SHIELD FOR MURDER is a slow burn of a novel, alternating between Brewster’s investigation into the bookie’s murder and Nolan’s violent background, and Nolan’s efforts to navigate through the walls that seem to be closing in around him. Not all that much actually happens until late in the book, but McGivern’s writing is so good that it doesn’t really matter. It’s hard to say who’s the protagonist in this book, Nolan or Brewster, and to be honest, neither of them is very likable. At the same time, you can’t help but sympathize with them, at least a little.

I will say that there were times when I felt McGivern’s low-key, realistic prose could have used a bit more drama, and I wasn’t that fond of the ending. However, I raced through the book and that’s always a good thing. The police procedural bits reminded me of the 87th Precinct novels, and I can’t help but wonder if Evan Hunter ever read this. Dodd, Mead published it in hardcover in 1951, several years before the first of the 87th Precinct books. Pocket Books did a paperback reprint in 1952, there was a movie version starring Edmond O’Brien, well-cast as Barny Nolan, in 1954, and Berkley did another paperback reprint in 1988, the edition I read.

SHIELD FOR MURDER is out of print, but copies of both paperback reprints are available for reasonable prices on the Internet. Despite a few misgivings, I think it’s a very good novel and well worth reading if you’re a fan of noir crime fiction.



Sunday, September 21, 2025

Sunday Morning Bonus Pulp: Clues Detective Stories, November 1938


Well, that's certainly an eye-catching cover. I don't know who painted it, but it would have made me curious about the story, that's for sure. Since Donald Wandrei wrote that cover story, it's probably pretty good. The other authors in this issue are top-notch, as well: Frank Gruber, Cornell Woolrich, Edward S. Aarons (as Edward Ronns), and J.J. des Ormeaux, who was really Forrest Rosaire. I've never read any of Wandrei's Cyrus North stories and don't know anything about the series, but I've always found Wandrei to be a dependable author. I don't own this issue, or any other issues of CLUES DETECTIVE STORIES, for that matter. The Internet Archive has some of them posted (not this one). I ought to give them a try, one of these days.

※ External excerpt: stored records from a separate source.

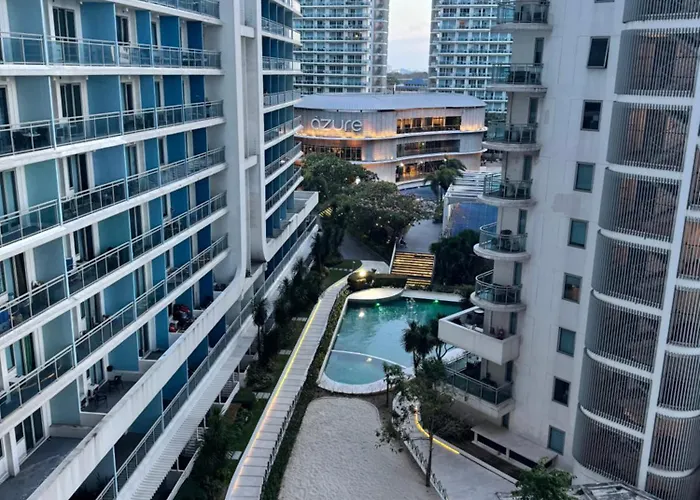 Urban Luxe Staycation With Balcony Apartamento Manila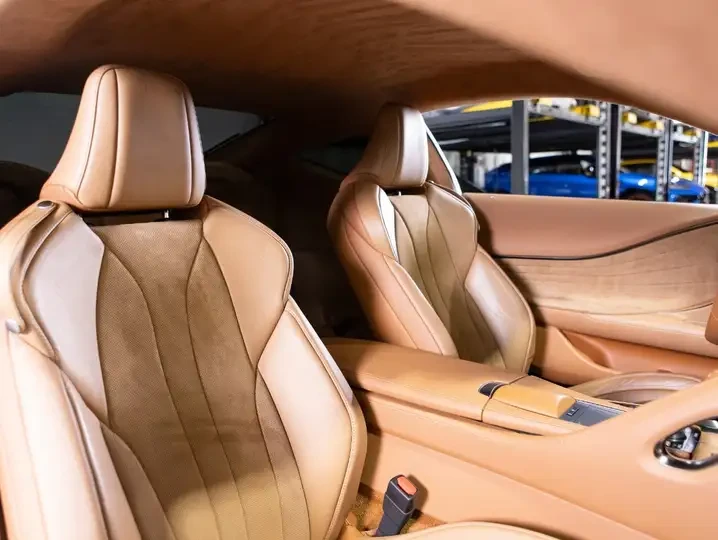 2021 Lexus LC - Image 16 of 20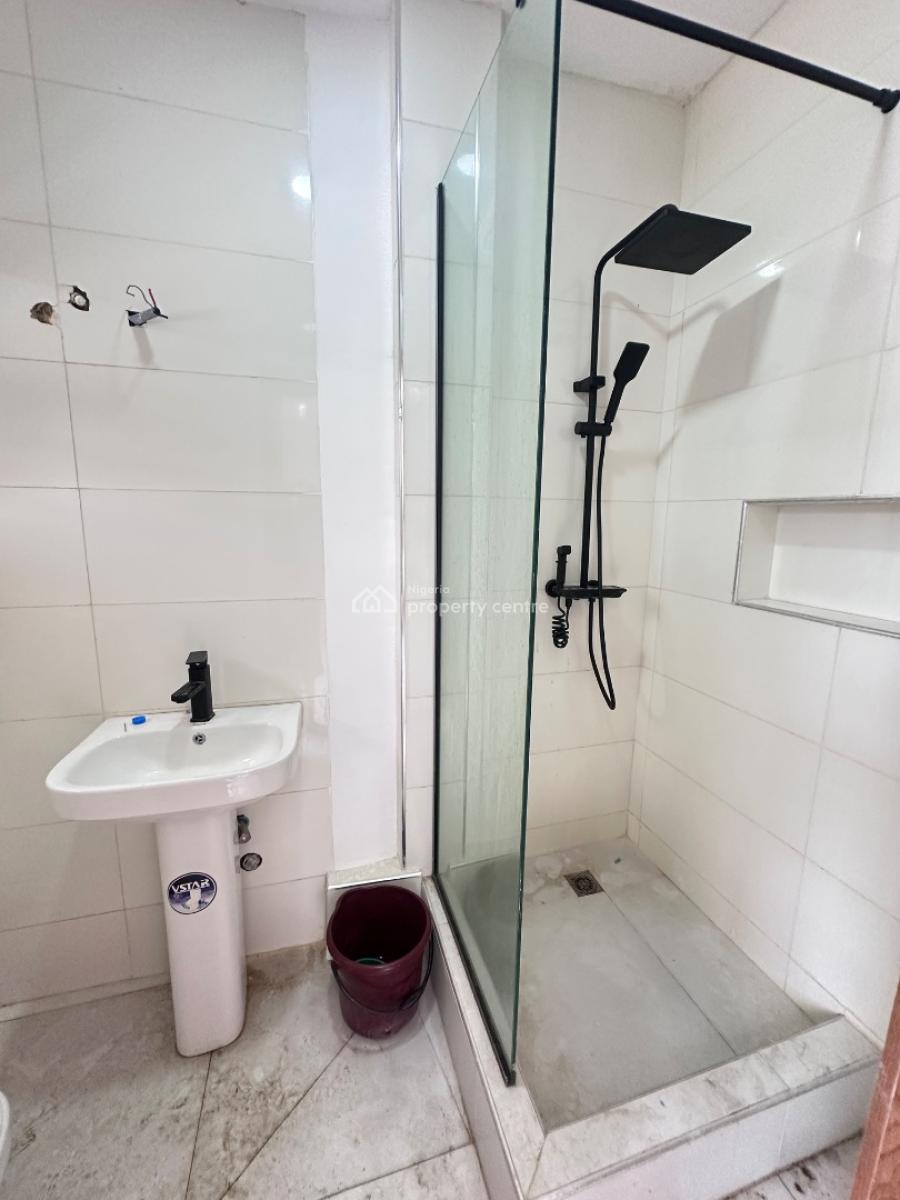 2 Bedroom Apartment with Elevator and Gym, Off Freedom Way, Lekki Phase 1, Lekki, Lagos, Flat / Apartment for Rent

Saturday, September 20, 2025

Saturday Morning Western Pulp: Street & Smith's Western Story, August 9, 1941


We've seen plenty of poker games interrupted by gunfights on Western pulp covers, of course, but as far as I recall, this is the first one I've run across where the same thing happens during a game of pool. This cover is by H.W. Scott, who did nearly all the covers for WESTERN STORY during this particular era. As usual, there are plenty of good authors inside including Harry Sinclair Drago, Cliff Farrell, Hugh B. Cave, Frank Richardson Pierce writing as Seth Ranger, James B. Hendryx, Lloyd Eric Reeve, and Russell A. Bankson. I don't own this issue, but it looks like a good one.